[Image-caption web data]
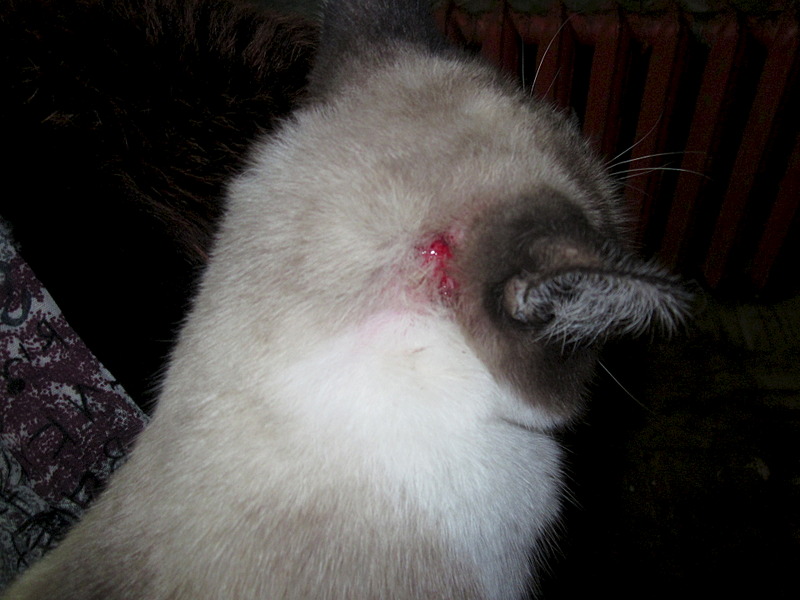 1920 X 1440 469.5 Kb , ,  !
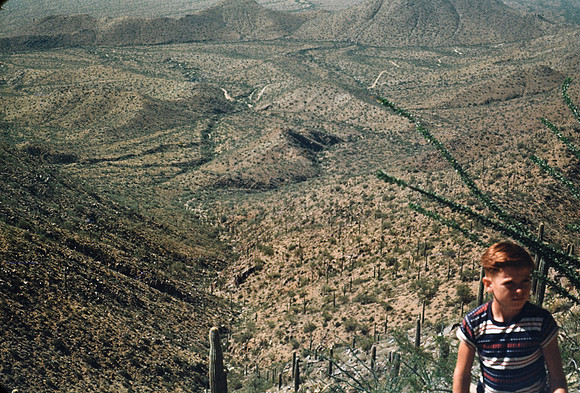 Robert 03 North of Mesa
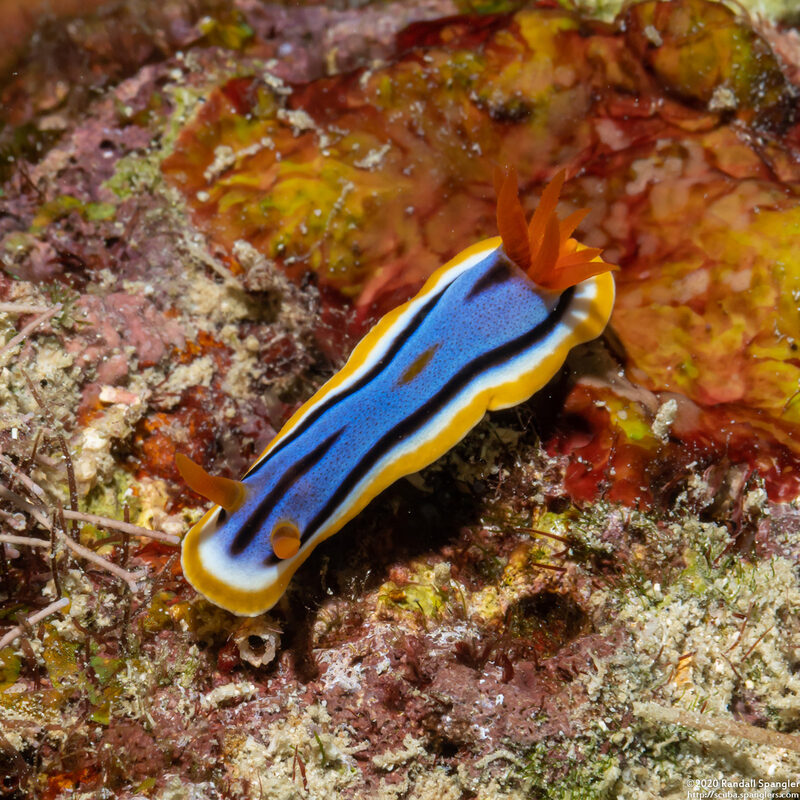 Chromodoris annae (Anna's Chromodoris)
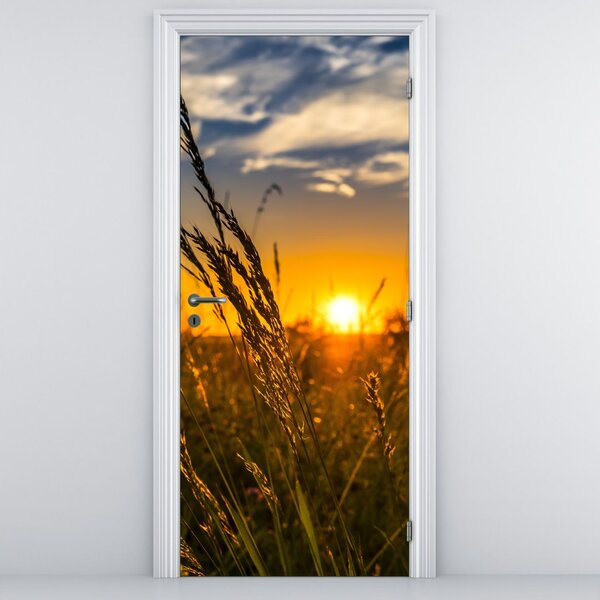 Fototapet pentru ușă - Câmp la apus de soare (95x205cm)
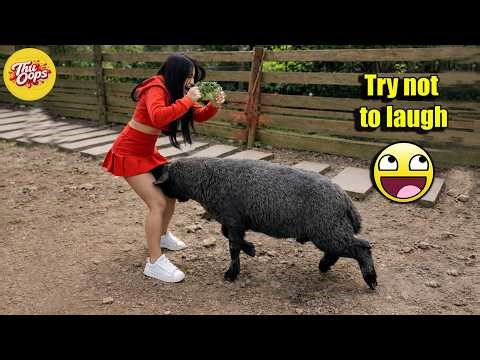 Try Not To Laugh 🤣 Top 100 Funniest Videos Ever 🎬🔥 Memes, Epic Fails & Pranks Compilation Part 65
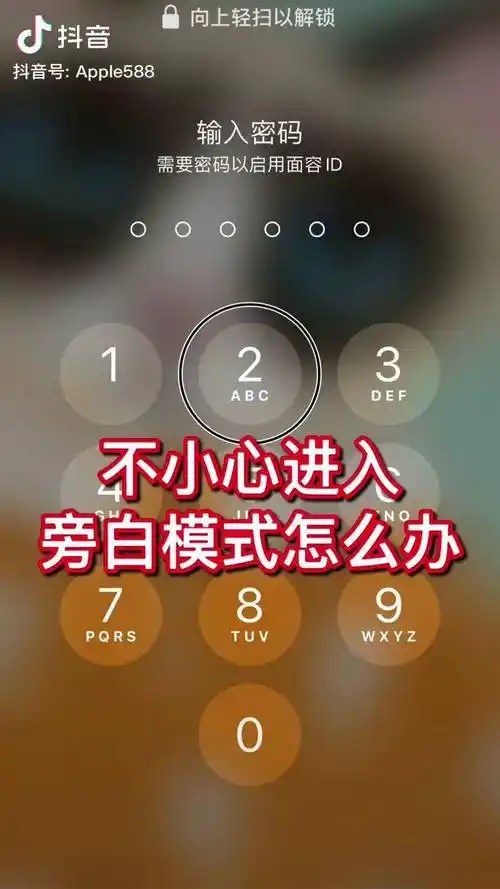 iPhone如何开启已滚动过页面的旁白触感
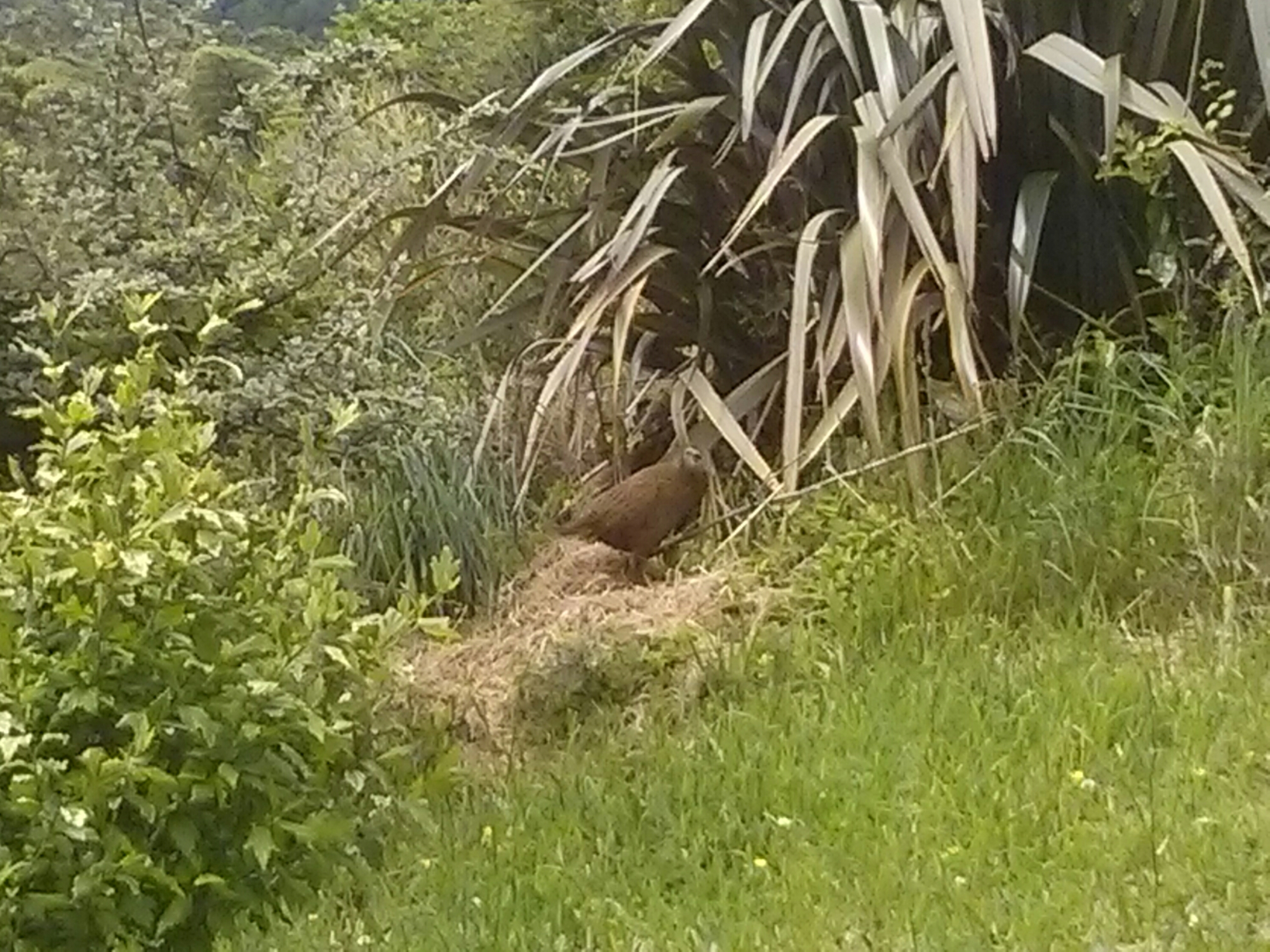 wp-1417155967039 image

▸ **Your assignment**
A faithful copy of all the data above, without its pictures, is the expected result.

▸ **Result of this task**
 1920 X 1440 469.5 Kb , ,  !
 Robert 03 North of Mesa
 Chromodoris annae (Anna's Chromodoris)
 Fototapet pentru ușă - Câmp la apus de soare (95x205cm)
 Try Not To Laugh 🤣 Top 100 Funniest Videos Ever 🎬🔥 Memes, Epic Fails & Pranks Compilation Part 65
 iPhone如何开启已滚动过页面的旁白触感
 wp-1417155967039 image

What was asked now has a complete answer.